More traditional investments such as buy to let properties require a large amount of capital to begin with, even for a smaller property, which is why alternative investments are becoming more popular such as peer to peer lending, real estate investment trusts (REITs) and property loan notes as they have a lower entry for investment. If you’re thinking about investing in property we’ve listed some of the common ways to get started, along with some of the advantages and disadvantages that may arise along the way.
Buy to Let Property
Putting your capital into property is still considered a relatively safe long term investment. If you can find the right property in a great location and can secure a good deal on a mortgage, then buy to let could be a practical proposition for you. When investing in buy to let properties, low property prices, and strong demand for rentals is what you should be looking for.
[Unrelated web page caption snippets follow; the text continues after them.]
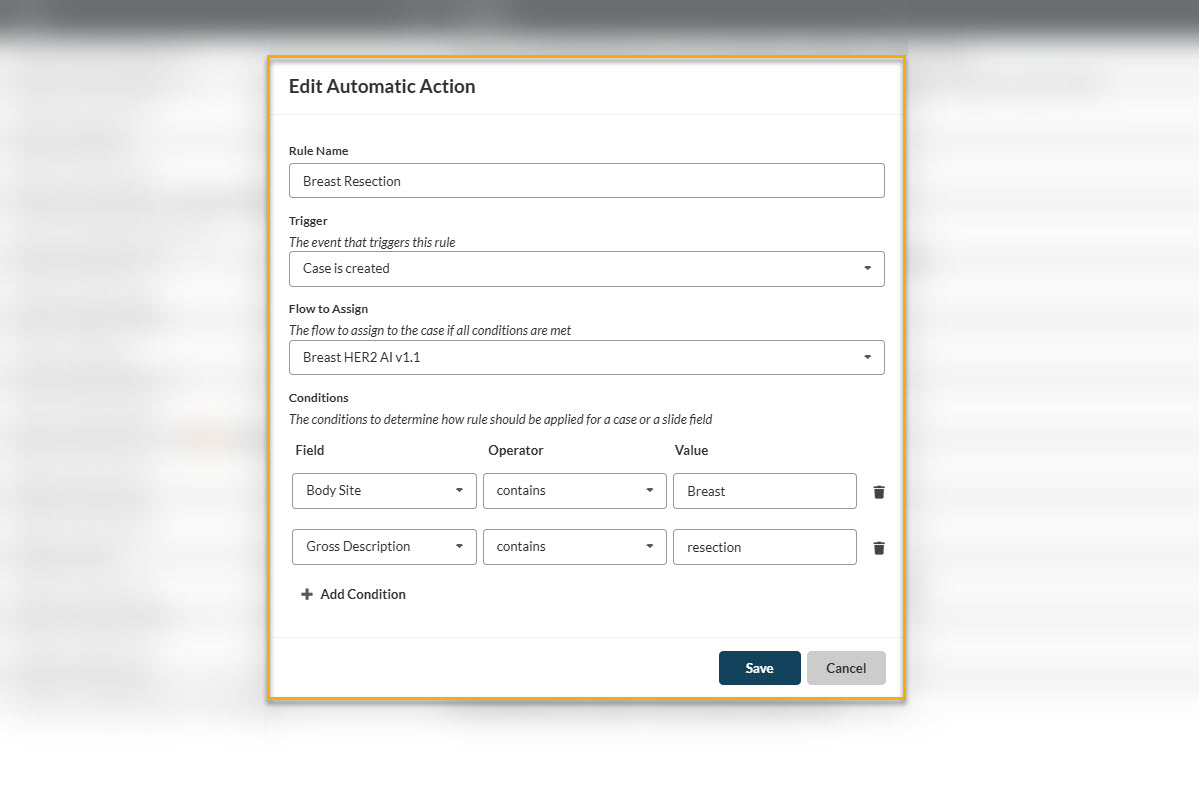 Image shows automatic actions in HALO AP. This automation streamlines digital pathology workflows by reducing manual case triage, ensuring consistent application of AI tools, and accelerating access to quantitative results for pathologist review.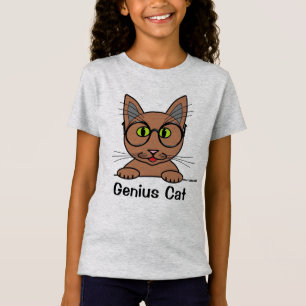 T-Shirt Génie Chat Avec Lunettes Drôle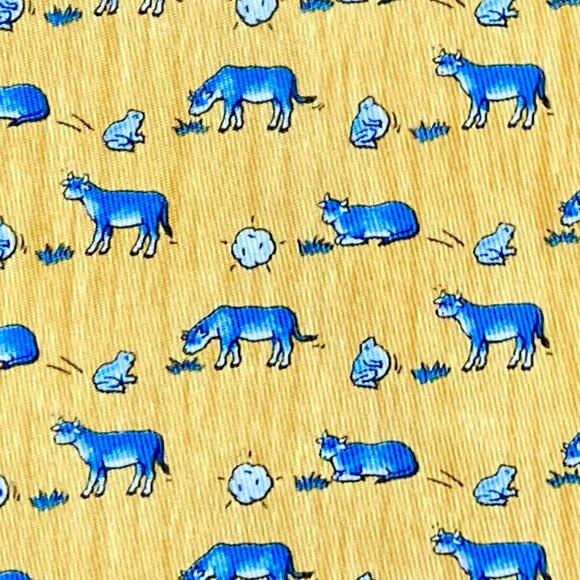 il_fullxfull.6209274007_houq.jpg 100% AUTHENTIC Hermes Tie - YELLOW with Whimsical Blue Cows & Green Frogs XL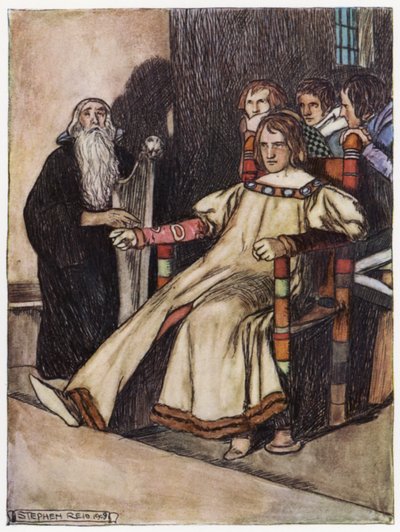 Illustrasjon for Siegfried the Dragon-Slayer (farge litho) av Stephen Reid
As well as tenant demand, your buy to let investment should have a decent rental yield and capital growth so you can make a healthy return on your investment over time. If you’re considering a buy to let property, it might be worth contacting a property investment company such as RWinvest who provides people with exciting and opportunities to invest in throughout cities in the UK.
The main aim is to generate enough income to cover mortgage repayments and offset any additional costs against tax. On the flip side, even if tenant demand is high, you will still need to find people to rent the property and costs can rapidly stack up if it is vacant for long periods of time.
Real Estate Investment Trusts (REIT)
REITs provide an opportunity for property investors to own assets without having to physically buy a property. In the UK, real estate investment trusts are property investment companies that are listed on a recognised stock exchange, and work in a similar way to mutual funds, with the primary difference being, the fund invests in property instead of in stocks.
The average annual return on investment from REITs stands at around 10% in the UK, and as most of the taxable income is distributed to shareholders by way of dividends, it is also exempt from tax. Some advantages to this type of investment might be the competitive rates on return as well as the potential for long term share price appreciation. However, you must also consider that rising interest rates may have a negative impact on REIT’s performance, and like any publicly traded stock, these investments are also subject to market fluctuation.
Property Loan Notes
Much like REITs, another investment strategy that’s becoming more and more popular is property loan notes or bonds. Sometimes commercial developers need to raise money in order to get their projects up and running, and will often sell bonds as a way of doing so. In essence, you as an investor would be loaning money to the developers and would receive a fixed annual interest rate on your investment loan, which is often relatively high.
Property loans or bonds are usually for more experienced investors as there are greater risks involved, such as the credibility of the developer and whether or not you’ll be eligible to invest in the first place. However, loan notes can offer some of the highest returns available.
Peer to Peer Lending
This type of property lending directly connects borrowers with lenders eliminating the need for a third-party financial institution, meaning investors should get a higher return on their capital. This investment also has a low bar entry so you can invest as little as a £100, making it a more attractive option for first-time property investors. Although there are some things to watch out for that could put investors at a disadvantage such as hidden fees, as well as the risk that you don’t always know where your money is going.
The property market is seen to be a lucrative investment especially with property ISA’s offering a quick and affordable way to invest. These ISA’s can be opened with as little as £100 up to £20,000 per annum, and like REITs is tax-free and free of capital gains. Some things to take into account, property ISA’s are not regulated by the Financial Conduct Authority and it may take time to withdraw your investments.